At the time, the proposal was billed by some as bold and dramatic. And while some version of the proposal has been implemented, it is not the original vision unveiled by Grisham.
State lawmakers whittled down the proposal.
“Among other things, it ended up being just for community colleges,” Inside Higher Ed reported in December, summarizing the proposal as going from free college to all to assistance for some.
An NBC news article from November reported that part of the problem was that the coronavirus pandemic drove down oil market profits Grisham had planned to use to fund the proposal and that as “the economy slumped, the state was forced to cut its budget and to reconsider ambitious and expensive legislation.”
Nora Meyers Sackett, a spokesperson for the governor, told The College Fix via email that is not entirely accurate.

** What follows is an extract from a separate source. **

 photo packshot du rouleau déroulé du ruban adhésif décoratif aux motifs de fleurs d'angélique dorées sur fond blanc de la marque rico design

“The governor’s initial proposal for the Opportunity Scholarship was to make college tuition-free for New Mexico students, covering both two-year and four-year degrees – the changes to the program’s scope were made by the Legislature, not the governor, and were made during the January 2020 legislative session, before the COVID-19 pandemic began and before any changes to economic forecasts,” she said.
Inside Higher Ed reports the “choice to scale the scholarship back to just cover two-year programs was to save costs. … Students who complete two-year programs also are more likely to stay in New Mexico and take jobs that help rebuild the state, such as nursing.”

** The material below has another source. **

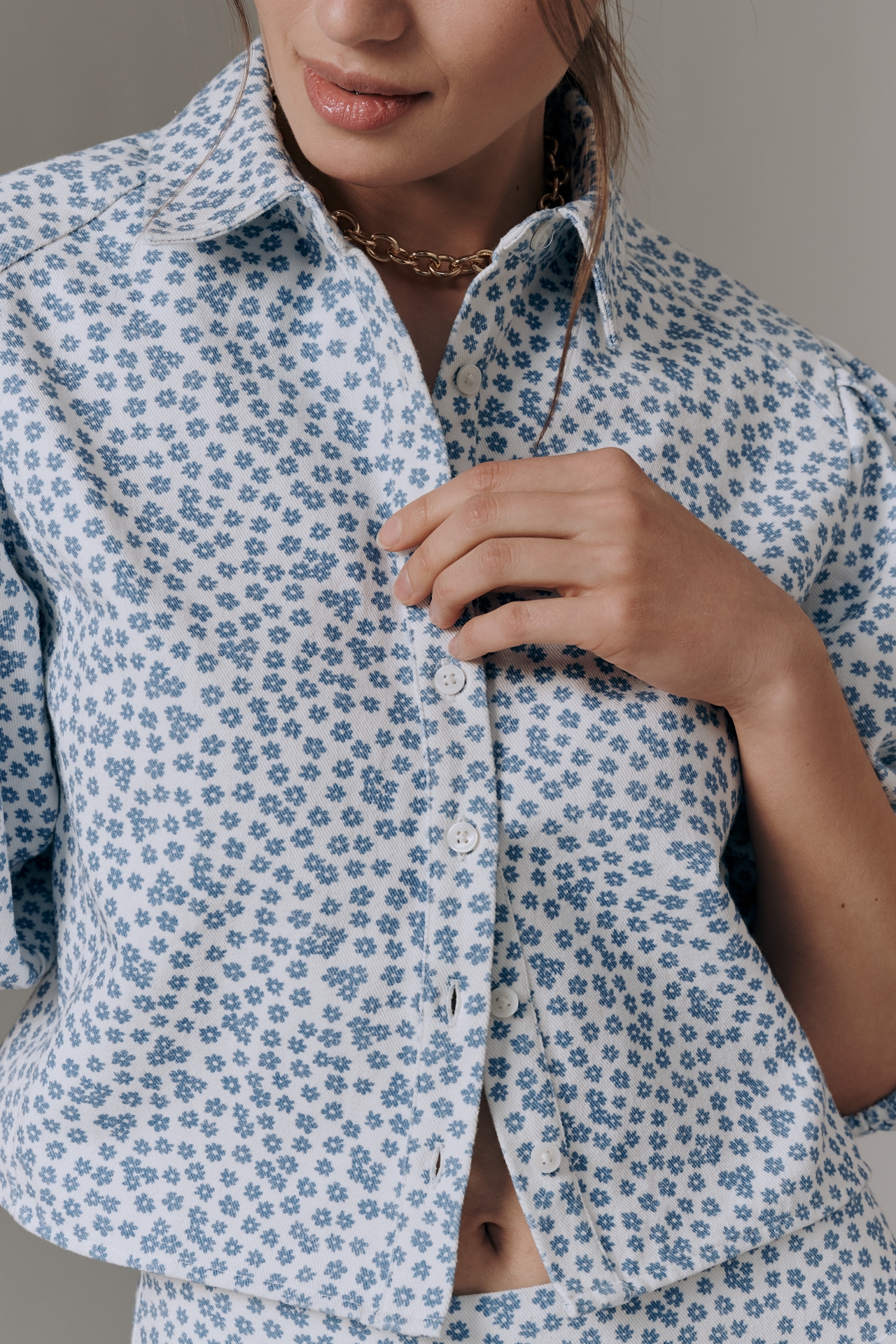 Maeve Bubble-Sleeve Buttondown Top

In late December, an article published in the Las Cruses Sun-News, a local New Mexico news outlet, updated readers with an article headlined: “What happened to free college for all New Mexico students? Here’s the latest.”
It explained that lawmakers may try to grow the program, but it’s unclear when or if that can happen.

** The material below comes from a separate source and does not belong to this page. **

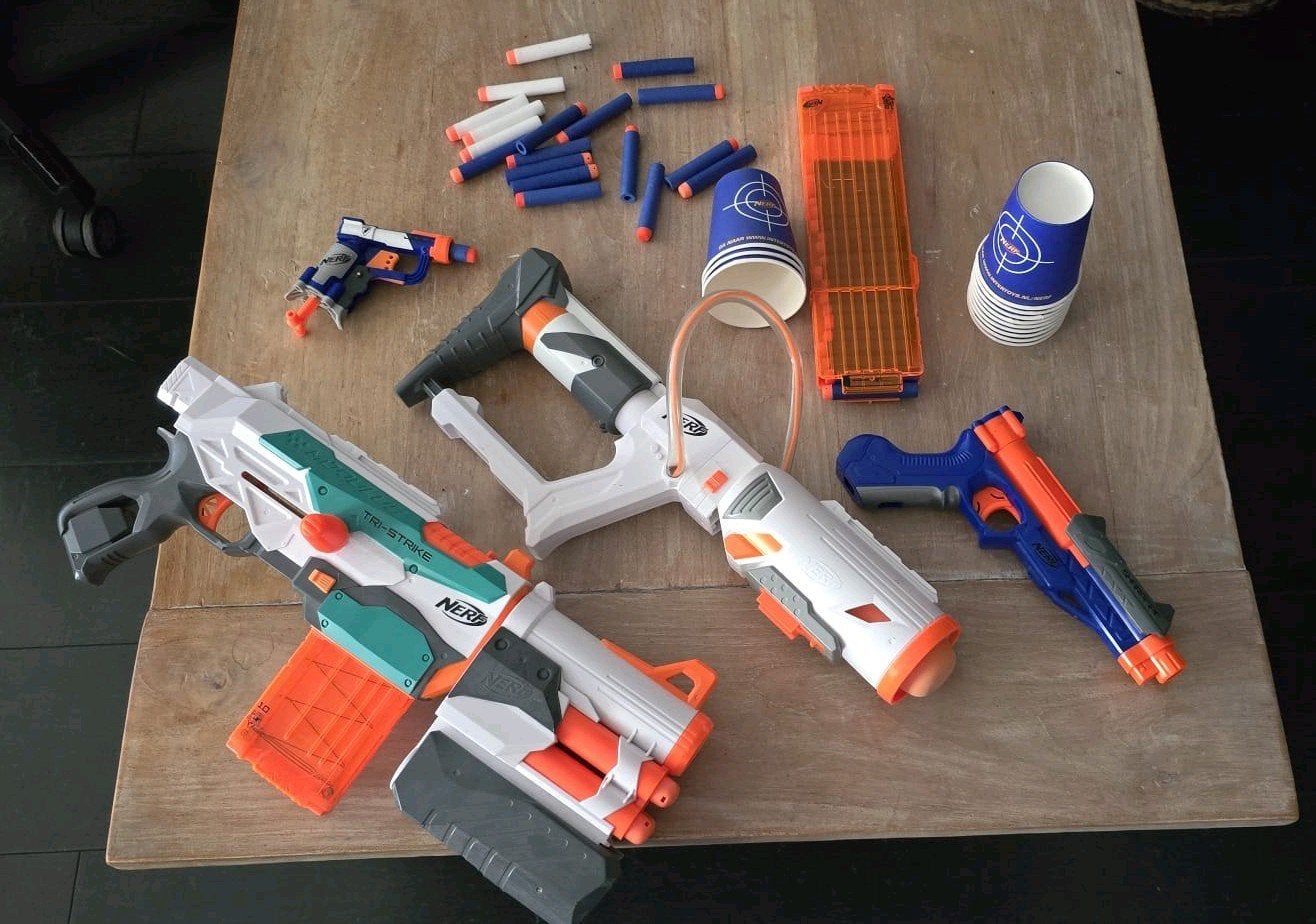 Heel Nerf assoriment met super gave Tri-stike modulus, Ophalen, Zo goed als nieuw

“In the next legislative session, which begins in January, lawmakers will have to decide whether to continue funding the program and which students can apply for it,” the Sun-News reported.
But there are still many opportunities for the state’s students to access free college of some sort.
Stephanie Montoya, a spokesperson for the New Mexico Higher Education Department, told The College Fix that the cost of college education in New Mexico can be almost completely covered by two scholarships.
The first is the New Mexico Opportunity Scholarship, which she described as a “middle-dollar scholarship.” The second is the New Mexico Legislative Lottery Scholarship. The two scholarships are “closely linked,” according to Sackett.
The opportunity scholarship was designed to cover remaining costs for college tuition not already funded by the lottery scholarship or by federal and state aid. Requirements for both scholarships are virtually the same: students must be 18 years old, be a resident of New Mexico, and be enrolled full-time in a credit-bearing 2-year program.
They must complete a federal application for student aid and maintain a minimum 2.5 grade-point average. The scholarships are not merit-based, but are available for anyone who meets the criteria.
One of the only differences in the two scholarships is the funding. The lottery scholarship is funded by New Mexico lottery revenue, whereas Montoya stated that the funding for the New Mexico Opportunity Scholarship is “not from lottery revenue, from just public funding from the state, and taxes such as gross receipt taxes.”